Daniel P, Filiz G, Brown DV, Hollande F, Gonzales M, D'Abaco G, Papalexis N, Phillips WA, Malaterre J, Ramsay RG, Mantamadiotis T - Oncogenesis (2014)

Bottom Line: CREB overexpression in transgenic animals imparts oncogenic properties on cells in various tissues, and aberrant CREB expression is associated with tumours.Cyclin D1 is highly CREB-dependent, whereas cyclin B1 and PCNA are co-regulated by both CREB-dependent and -independent mechanisms.The precise regulatory network involved appears to differ depending on the tumour-suppressor phosphatase and tensin homolog status of the GBM cells, which in turn allows CREB to regulate the activity of the PI3K itself.
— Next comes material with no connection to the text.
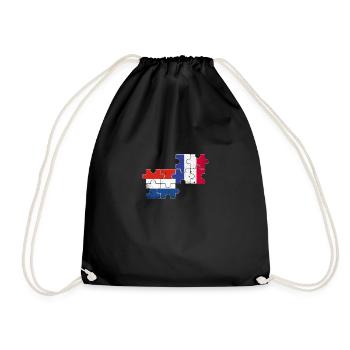 Niederlande Frankreich Vintage Flagge Niederländer - Turnbeutel - Schwarz - Vorne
View Article: PubMed Central - PubMed

Affiliation: Department of Pathology, The University of Melbourne, Parkville, Victoria, Australia.

ABSTRACT
The cyclic-AMP response element binding (CREB) protein has been shown to have a pivotal role in cell survival and cell proliferation. Transgenic rodent models have revealed a role for CREB in higher-order brain functions, such as memory and drug addiction behaviors. CREB overexpression in transgenic animals imparts oncogenic properties on cells in various tissues, and aberrant CREB expression is associated with tumours. It is the central position of CREB, downstream from key developmental and growth signalling pathways, which gives CREB this ability to influence a spectrum of cellular activities, such as cell survival, growth and differentiation, in both normal and cancer cells. We show that CREB is highly expressed and constitutively activated in patient glioma tissue and that this activation closely correlates with tumour grade. The mechanism by which CREB regulates glioblastoma (GBM) tumour cell proliferation involves activities downstream from both the mitogen-activated protein kinase and phosphoinositide 3-kinase (PI3K) pathways that then modulate the expression of three key cell cycle factors, cyclin B, D and proliferating cell nuclear antigen (PCNA). Cyclin D1 is highly CREB-dependent, whereas cyclin B1 and PCNA are co-regulated by both CREB-dependent and -independent mechanisms. The precise regulatory network involved appears to differ depending on the tumour-suppressor phosphatase and tensin homolog status of the GBM cells, which in turn allows CREB to regulate the activity of the PI3K itself. Given that CREB sits at the hub of key cancer cell signalling pathways, understanding the role of glioma-specific CREB function may lead to improved novel combinatorial anti-tumour therapies, which can complement existing PI3K-specific drugs undergoing early phase clinical trials.

No MeSH data available.


Related in: MedlinePlus

CREB-dependent cell cycle factor expression signalling network in GBM tumour cells. CREB lies downstream of both the PI3K and MAPK pathways and modulates cell cycle factor expression. Cyclin D1 is completely dependent on CREB activity while cyclin B1 and PCNA appear to require activation of both CREB and non-CREB mechanisms. The width of the arrow indicates the relative strength of the signal. The broken arrows pointing from CREB to AKT indicates the putative CREB-dependent regulation of the PI3K pathway.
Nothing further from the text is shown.